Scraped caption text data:
::::::::
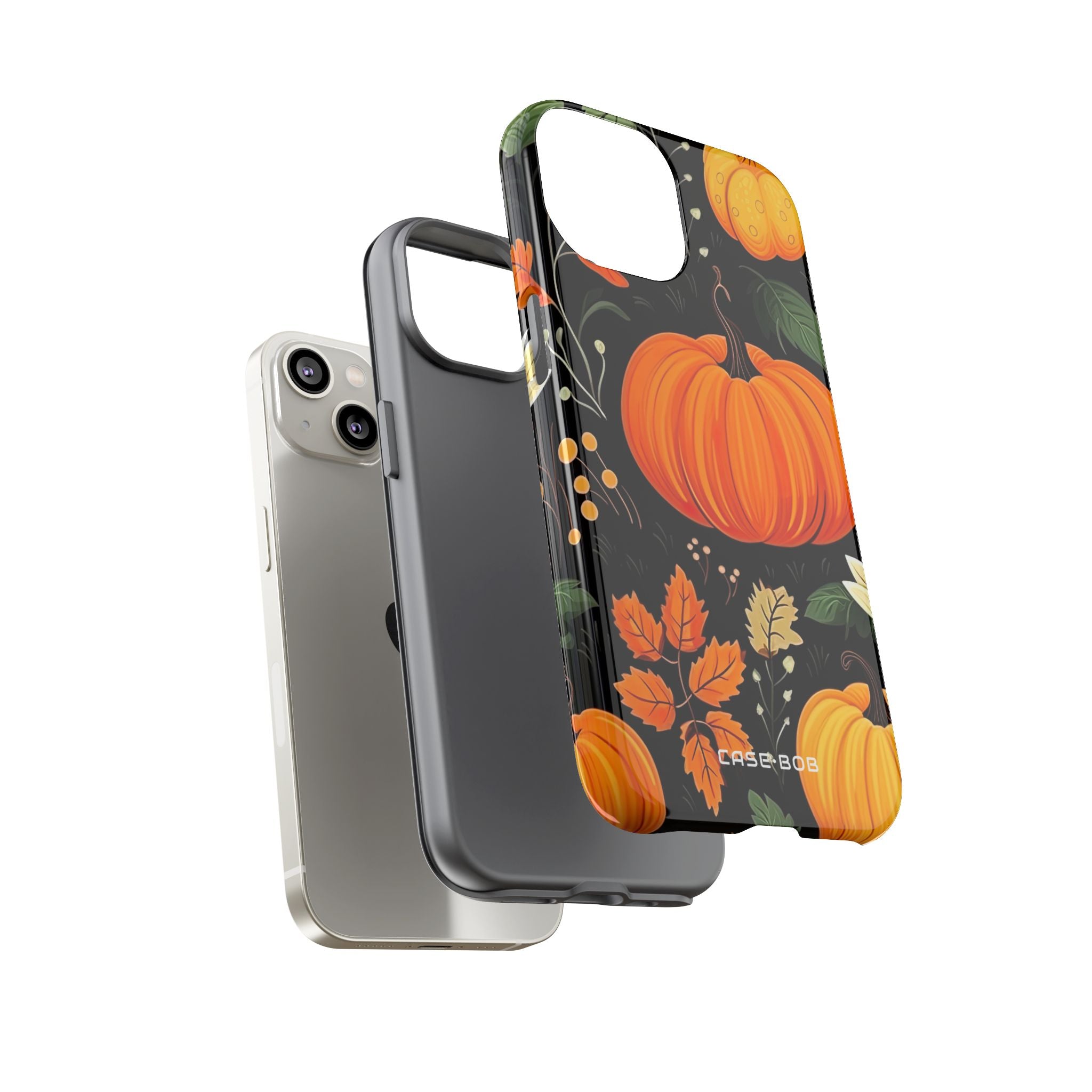 Pumpkin Glow iPhone 14 Case - Tough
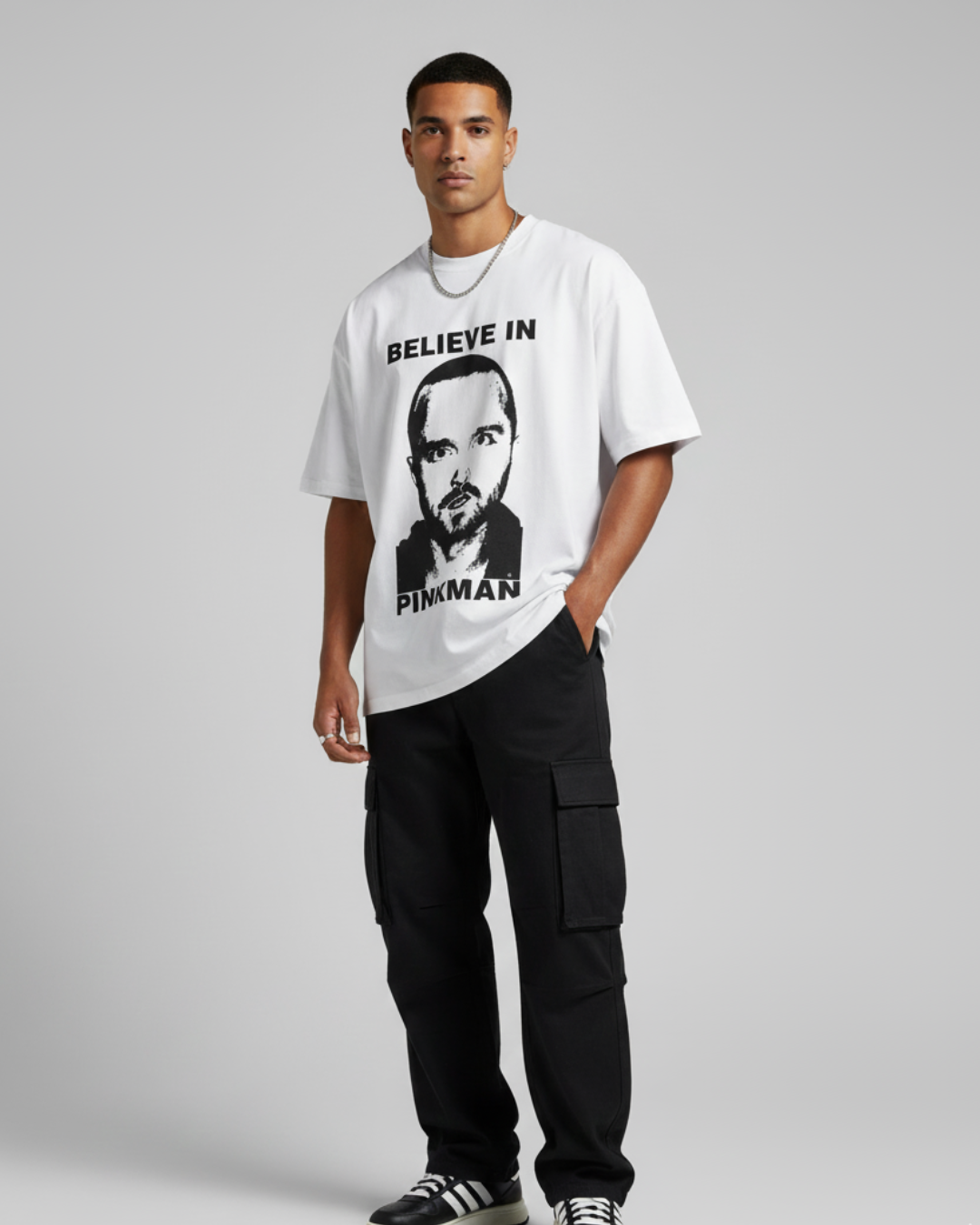 HEISENBOY- Oversized Graphic T-shirt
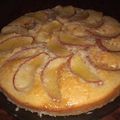 El cooksnap de Florencia Solana López cuando hizo Tarta de manzana.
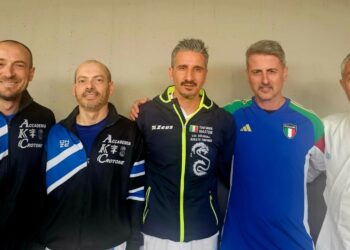 Biagio Gino Greco campione d’Italia ai Campionati Italiani Master di karate: ottimi risultati per l’AKC Crotone a Taranto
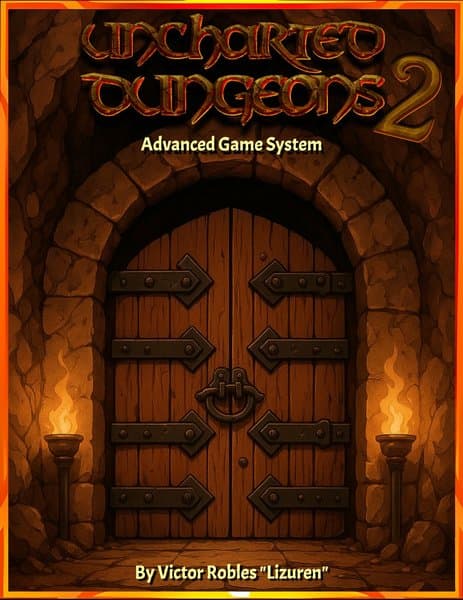 Advanced Game System: Uncharted Dungeons 2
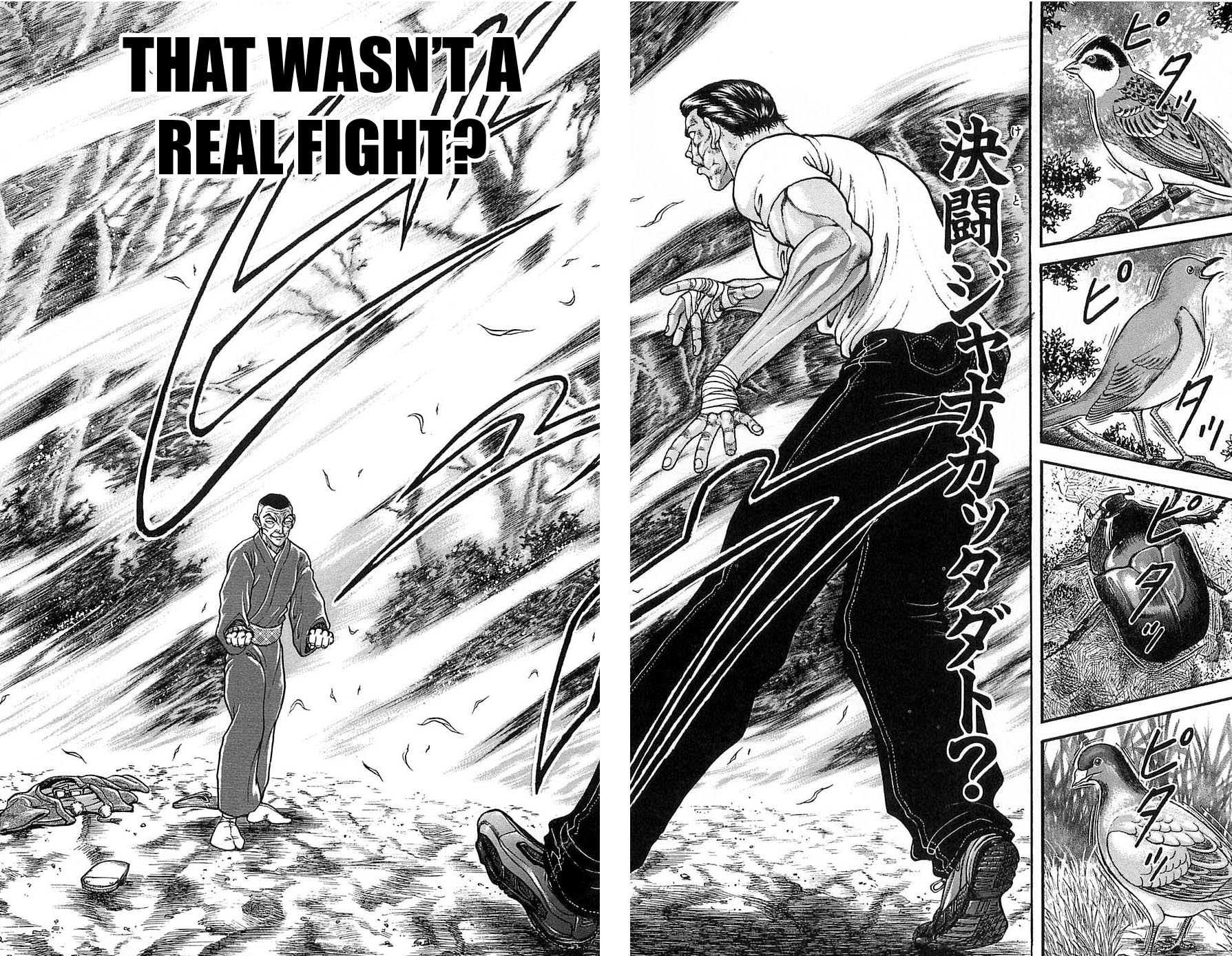 New Grappler Baki Chapter 255 page 12 - Chapter 255: Fight!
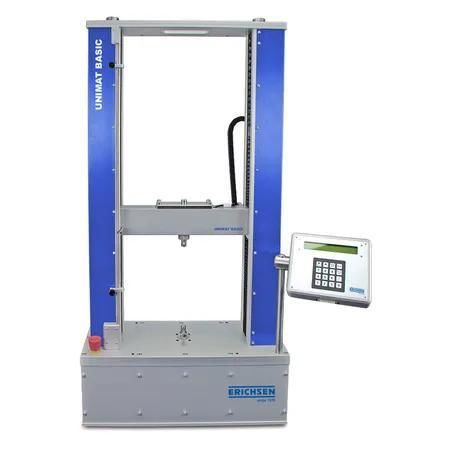 Machine d'essai d'élongation - UNIMAT&reg; Basic 054 - ERICHSEN GmbH & Co. KG - de pression / de résistance à la compression / de résistance à la traction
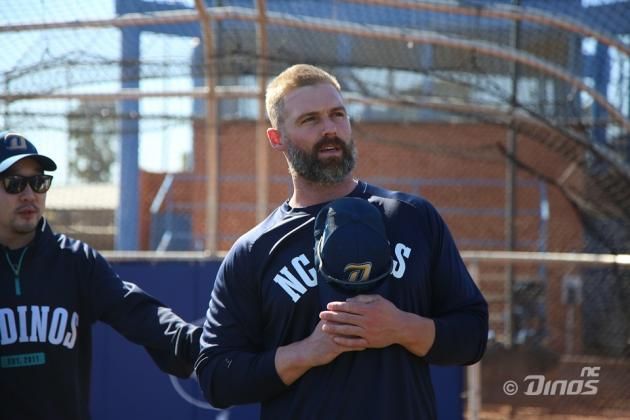 NC 외국인 타자 맷 데이비슨.(NC 다이노스 제공)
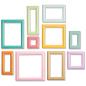 Preview: Sizzix - Stanzschablone "Dimensional Multi-Frames" Thinlits Craft Dies by Pete Hughes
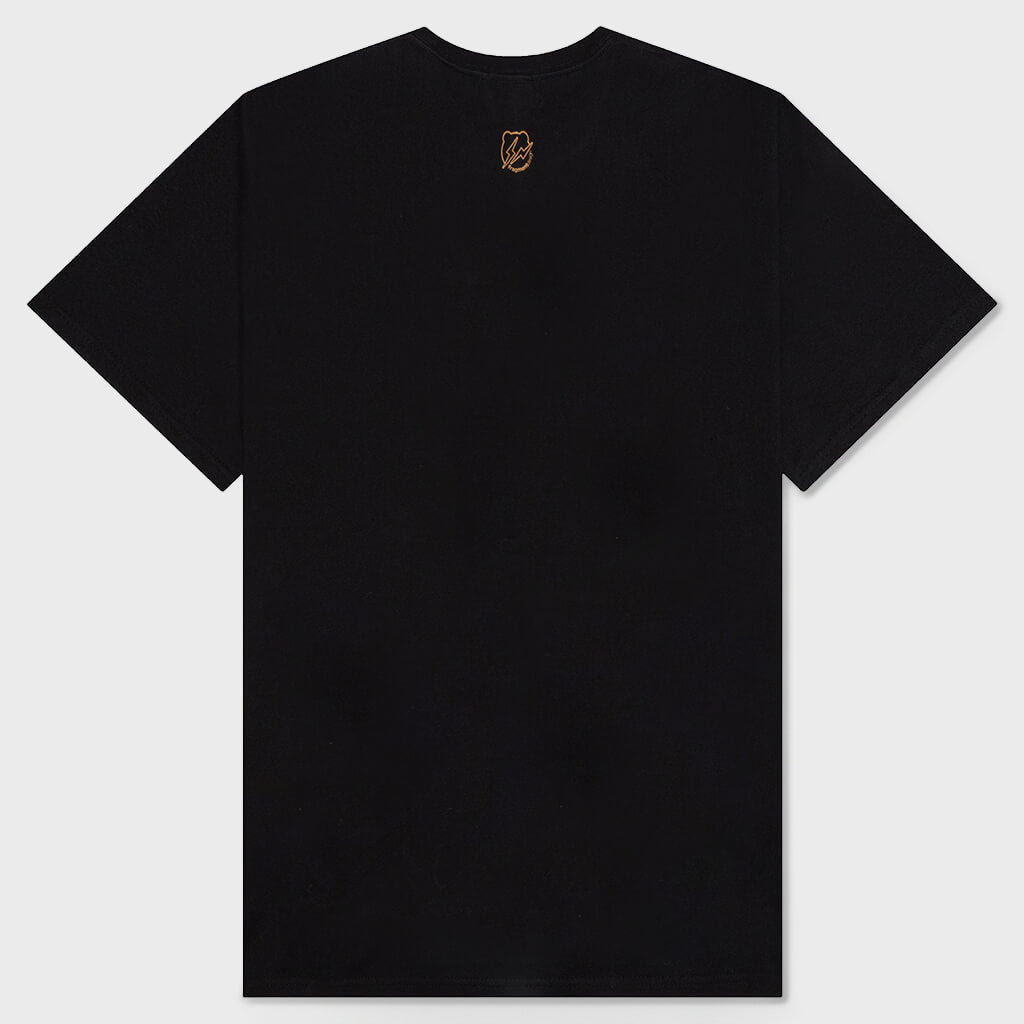 Fur Logo BE@RTEE - Black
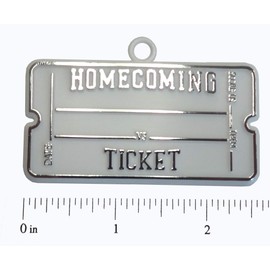 Homecoming Ticket 2pc (Many Color) (White/Silver)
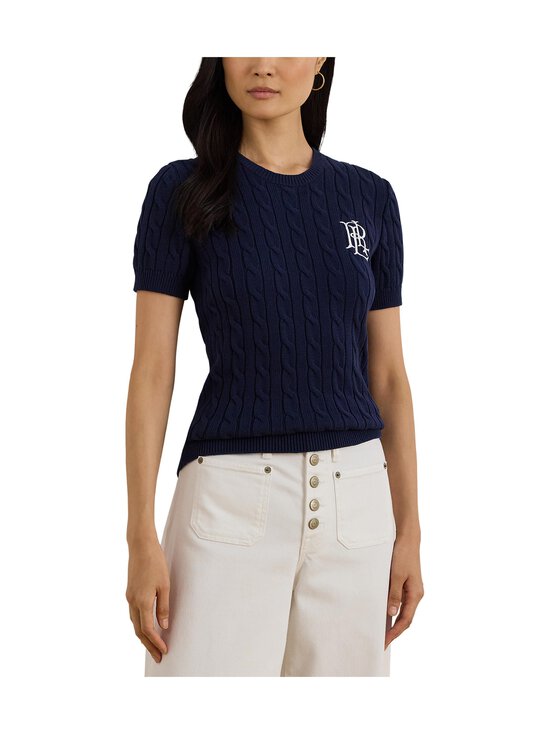 Lauren Ralph Lauren - Eyelah-palmikkoneulepusero - REFINED NAVY | Stockmann - photo 3
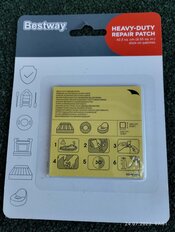 Ремкомплект для бассейнов 6.5х6.5 см, 10 самоклеящихся заплат, Bestway, 62068BW - фото 9 от пользователя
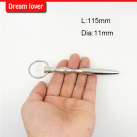 Расширитель для уретры из нержавеющей стали, 115х11 мм photo 2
::::::::
■ **What the exercise asks**:
Only one stretch of the data is wanted: write out exactly the lines from the one holding "Biagio Gino Greco" through the one holding "New Grappler Baki", both included, without the pictures.

■ **Written solution**:
 Biagio Gino Greco campione d’Italia ai Campionati Italiani Master di karate: ottimi risultati per l’AKC Crotone a Taranto
 Advanced Game System: Uncharted Dungeons 2
 New Grappler Baki Chapter 255 page 12 - Chapter 255: Fight!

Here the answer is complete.